Basis Scottsdale slips from first to third in national high school rankings
May 1, 2019, 4:15 AM
(Facebook Photo/Basis Scottsdale)
PHOENIX – A year after being at the head of the class, a Valley charter school was named the nation’s third-best high school in a prestigious annual list.
Basis Scottsdale was the only Arizona campus to crack the top 10 of U.S. News and World Report’s 2019 high school rankings, which were released Tuesday.
Arizona experienced a big drop-off from 2018, when state schools, especially those in the Basis network, dominated the national rankings.
The Scottsdale campus, at No. 1, was one of six state Basis high schools in the top 10 last year, including a sweep of the top five spots.
Basis still led the Arizona pack in the website’s new rankings, with the state’s seven highest-ranked high schools.
The network’s Chandler campus came in at No. 18, followed by No. 21 Peoria, No. 27 Flagstaff, No. 32 Oro Valley, No. 34 Tucson North and No. 35 Phoenix.

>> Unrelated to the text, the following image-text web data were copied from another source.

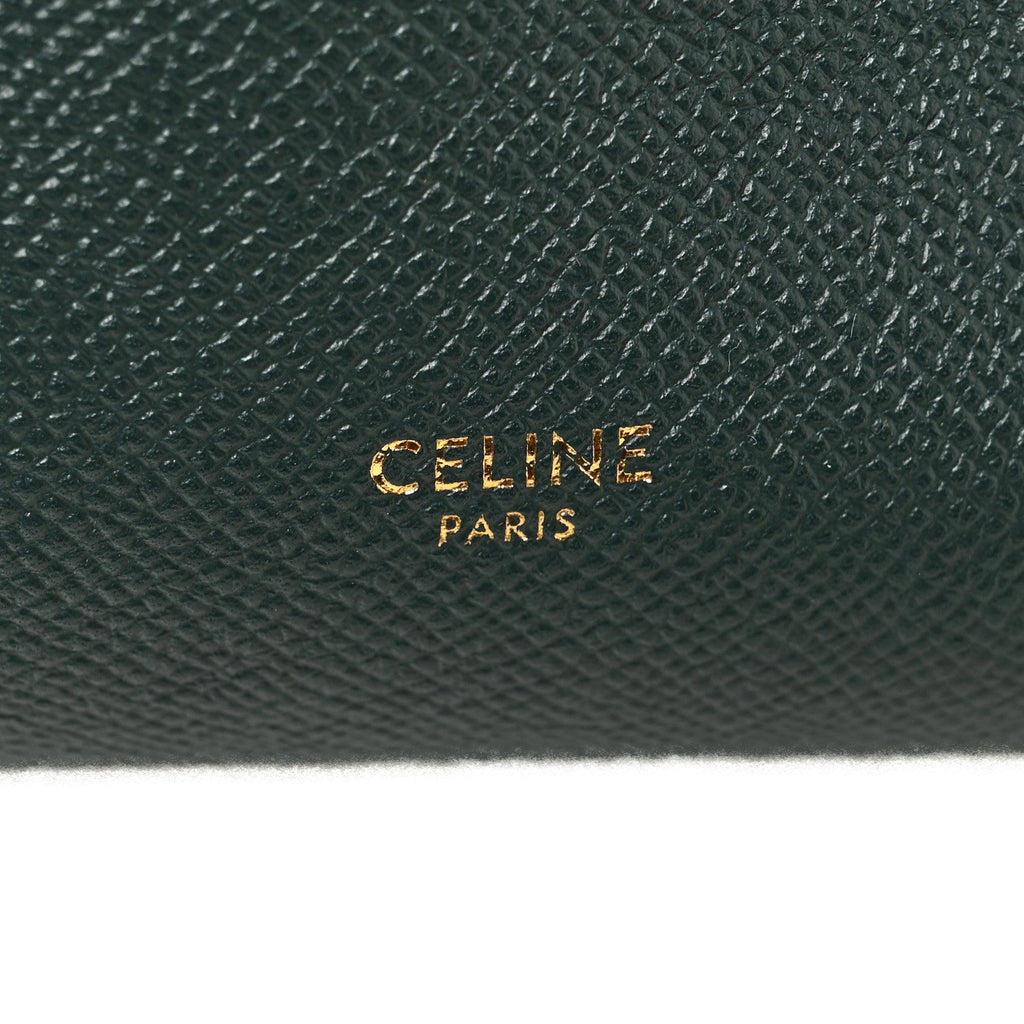 Grained Calfskin Micro Belt Bag Amazone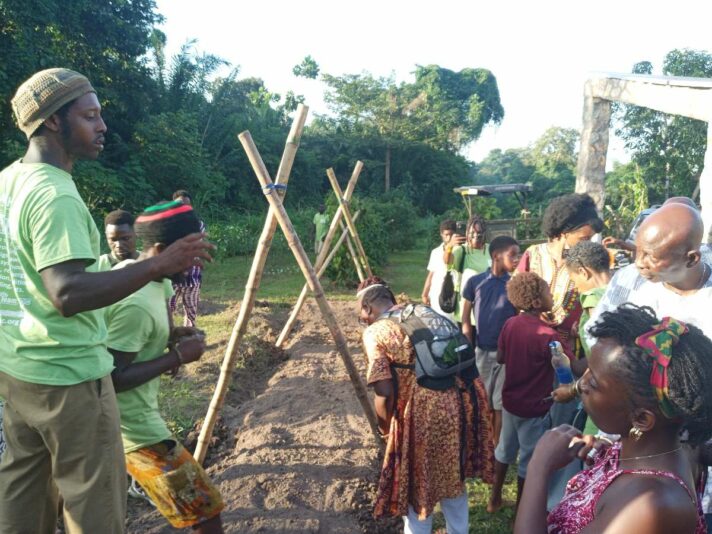 3c02b1f9-0c18-4c36-b808-5b5b417123db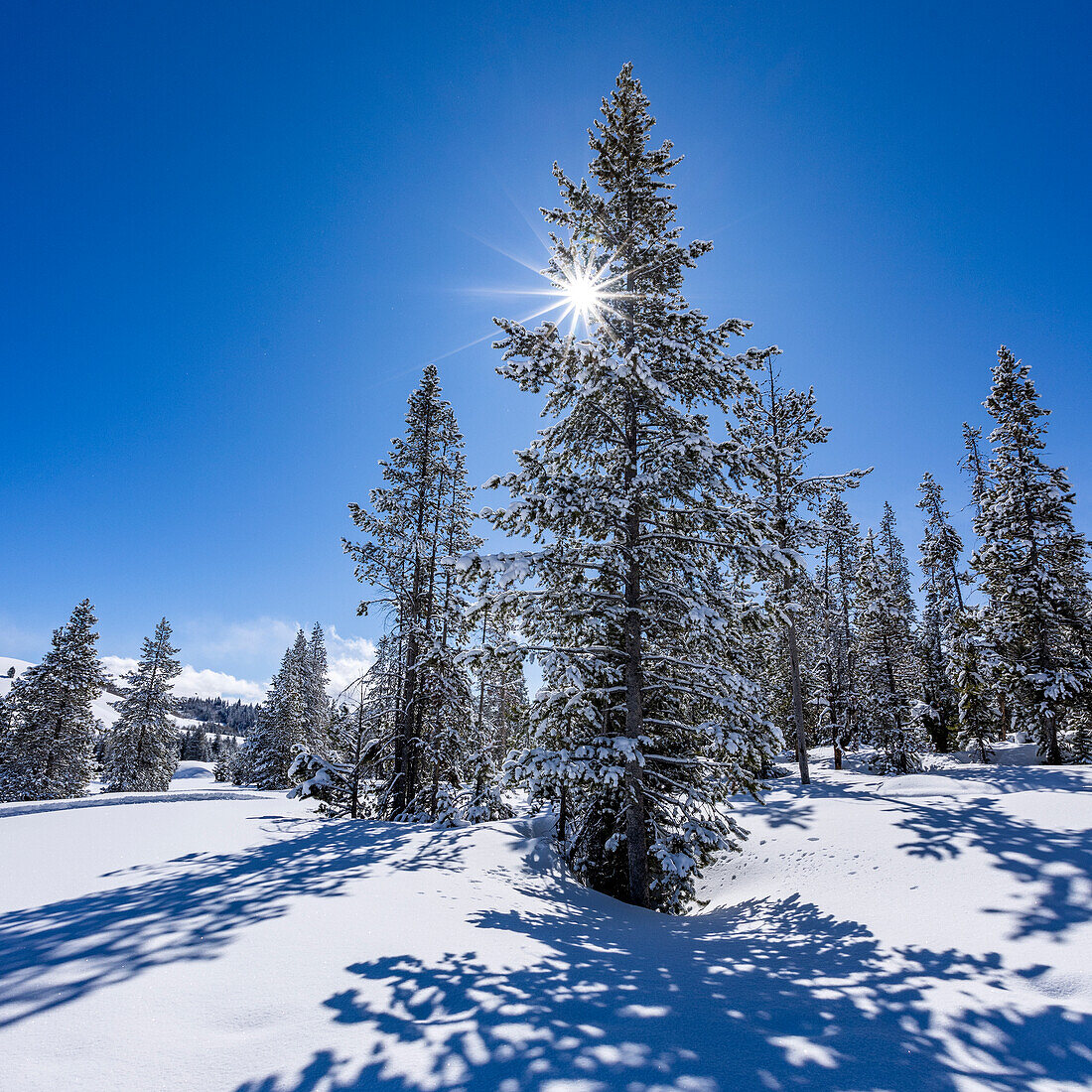 USA, Idaho, Sun Valley, Sun shining through fir tree covered with snow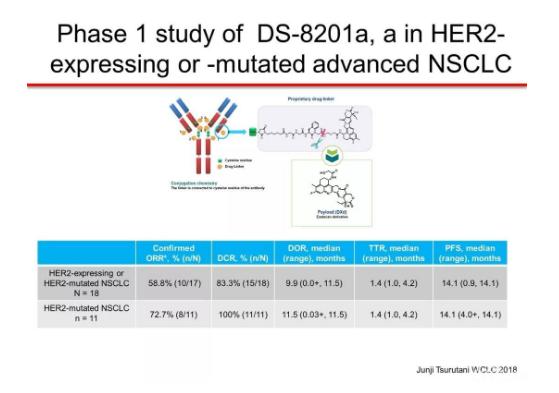 her2肺癌靶向药入集采了吗,肺癌her2靶向药治愈率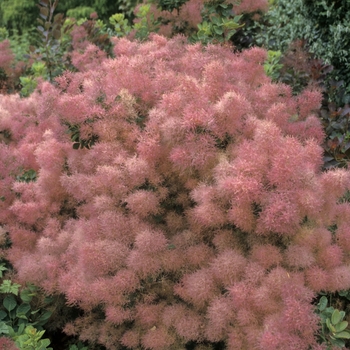 Cotinus coggygria '' (041143)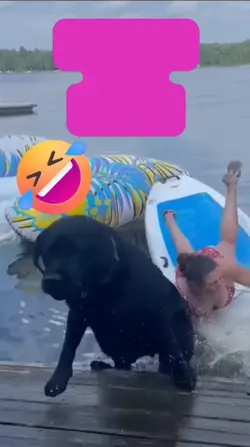 Paddle Board Dog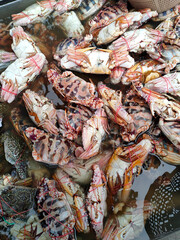 Fresh fish and other seafood are on sale in wet markets. It is placed in a flea for the customer to choose. Placed the price tag for convenience.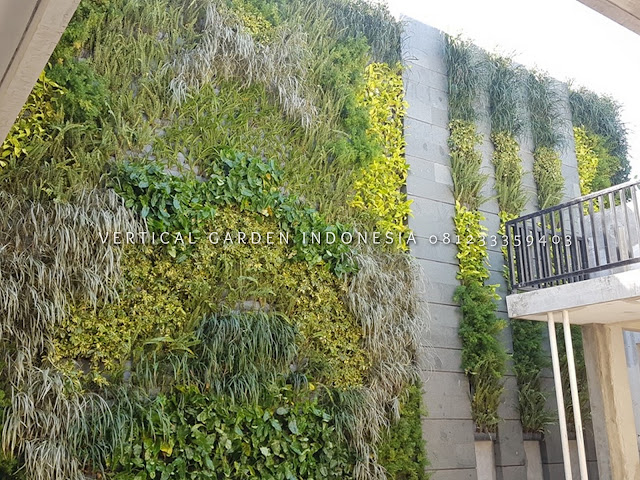 VERTICAL GARDEN INDONESIA SPESIALIS JASA PEMBUATAN VERTICAL GARDEN DI SIDOARJO DAN DI SELURUH WILAYAH SIDOARJO DENGAN TENAGA YANG PROFESIONAL DAN DAPAT DI PERCAYA YANG SELALU MENGUTAMAKAN SEBUAH MUTU DAN KUALITAS PEMASANGAN VERTICAL GARDEN/TAMAN DINDING, JASA TUKANG TAMAN VERTICAL SIDOARJO, JASA VERTICAL GARDEN SIDOARJO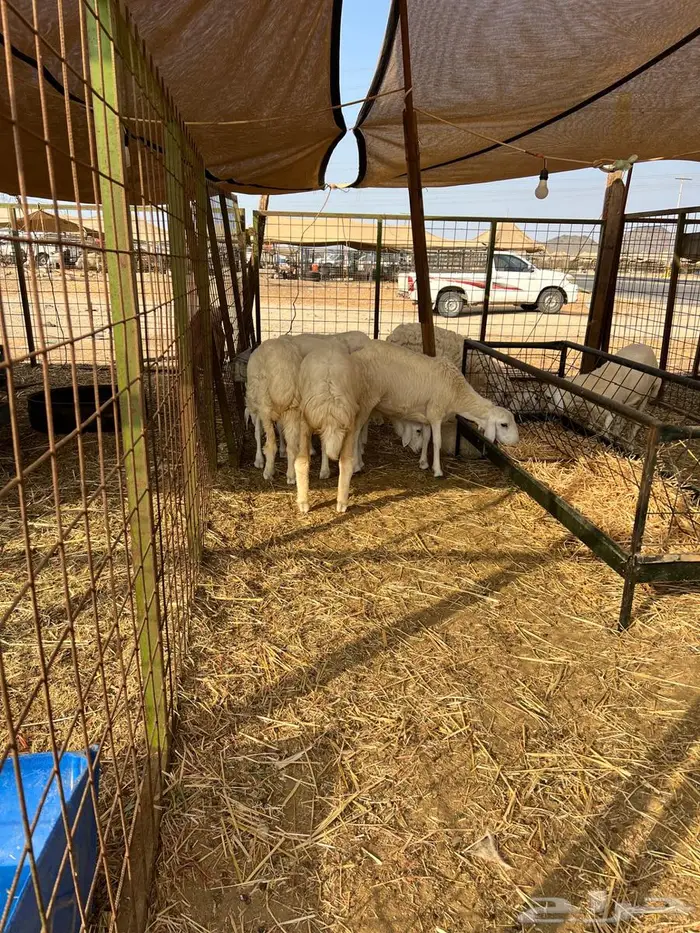 للبيع بهم طليان ورخال 7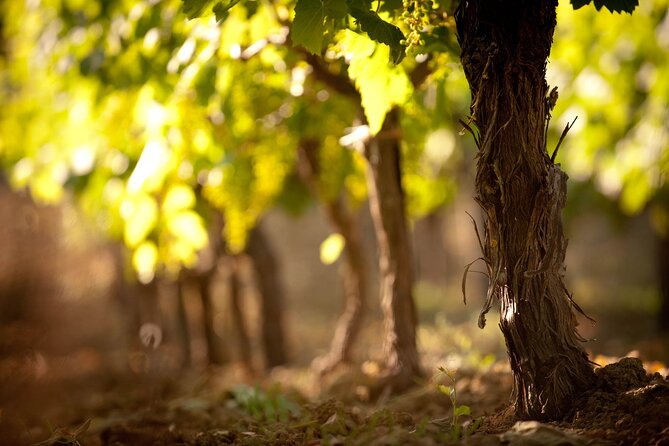 Private Cretan Gastronomic experience Winery visit with Tastings & Cooking Class - Timing, comfort, and group size
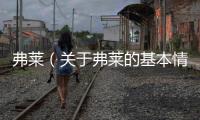 弗萊（關于弗萊的基本情況說明介紹）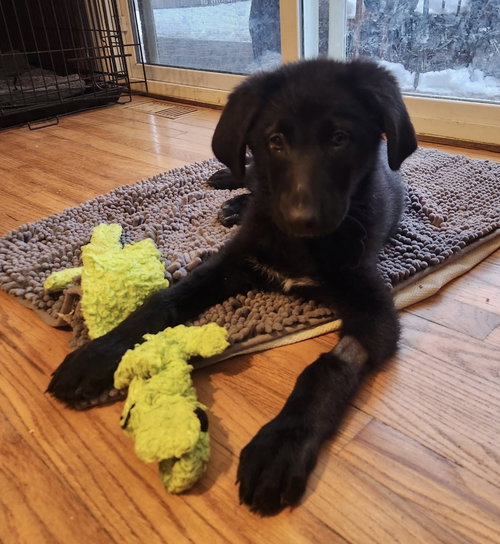 picture of the dog needing adoption
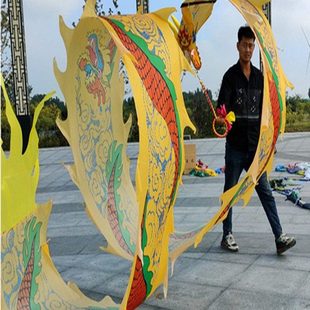 广场健身龙舞龙彩带甩彩龙彩条龙头中老年彩绸甩龙舞台飘带可水洗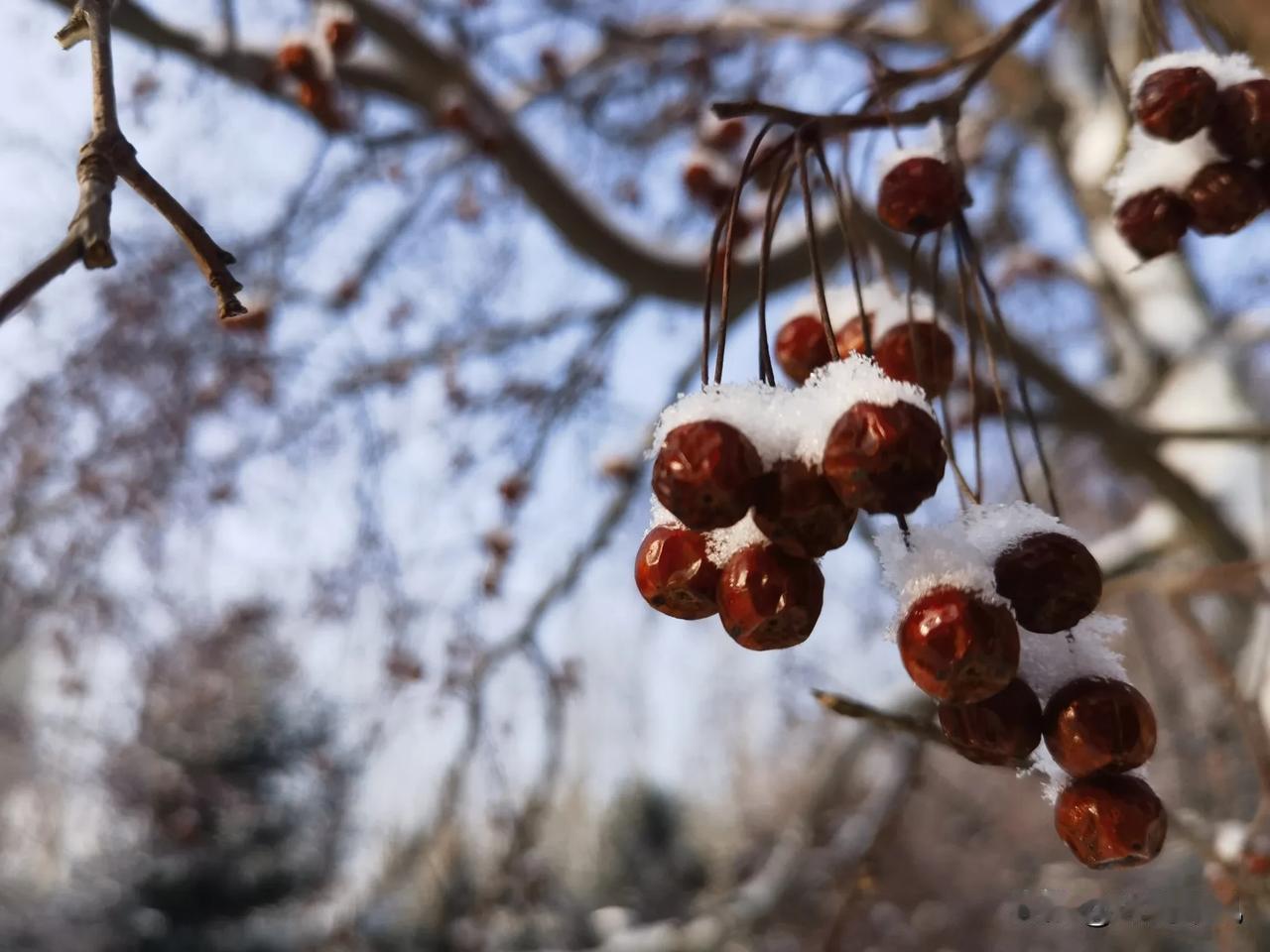 下雪其实挺耽误事的，尤其是上班的路属实是很艰辛呐！

今早上班迟到了，以前坐车不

Tucson University was the top Arizona district school at No. 40.
In addition to being named the No. 3 overall high school in the country this year, Basis Scottsdale retained its standing as the No. 1 charter high school and No. 2 STEM (science, technology, engineering and math) school.
Basis has 22 campuses in Arizona, half of which cover the high school level. It also has three schools in Texas and one each in Louisiana and Washington, D.C.
U.S. News worked with nonprofit research firm RTI International to rank 17,245 public high schools based on six indicators of school quality: college readiness, college curriculum breadth, math and reading proficiency, math and reading performance given the school’s proportion of underserved students, underserved student performance and graduation rates.
Academic Magnet High School of North Charleston, South Carolina, took over the No. 1 spot from Scottsdale Basis.